Los barceloneses han conseguido –con su pérfida obsesión por caminar haciendo curvas de ebrio, con su hábito repulsivo de transitar por el lado de las aceras como si fueran cabras de funambulismo, con su continuada afición por chocar como si fueran torpedos redentores– que el arte de caminar en paz y tranquilidad sea un asunto en vías de extinción. Es así como servidor, el más progresista entre los reaccionarios de esta ciudad, exige a la hiperalcaldesa que, aparte de ordenanzas municipales, talleres sobre feng shui y encuentros para urdir la mejor receta de cuscús, promueva rápidamente clases de caminar gratuitas para todos los barceloneses. La asignatura debería, en primer lugar, tocar el estilo, ya que no hay caminar digno sin una metódica del ir recto y gallardo por el mundo (¡nunca cruzando las piernas!), para pasar después a los elementos básicos del respeto y la distancia.

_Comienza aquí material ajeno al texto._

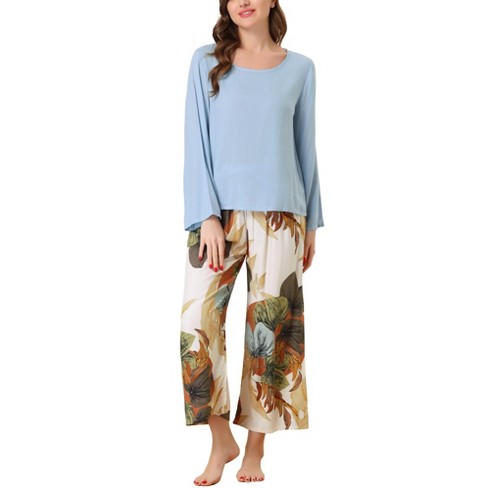 cheibear Womens 2pcs Long Sleeve Capri Pants Floral Lounge Set Sleepwear  Pajama Sets Blue X-Small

Las clases de caminar, amada alcaldesa, son ahora mucho más necesarias que la mandanga esta del Primavera Sound o que los insufribles conciertos de la Mercè, si es que la fractura social en Barcelona no se quiere hacer insoportable. Hay que empezar por todo lo más básico y no hay nada más perentorio que poder garantizar la urbanidad en las calles de nuestra Rosa de Foc, no hay nada más inaplazable que devolver la acera a sus hijos naturales, la gente que camina. Ahora que hemos echado las balas con ruedas al carril bici, no sería ningún escándalo echar también a todos los andadores incívicos reincidentes de la ciudad, porque así probarían su técnica torpe en forma de segway asesino. Caminar no tiene que ser un lujo, ni un ejercicio para sobrevivir. "Sí, se puede."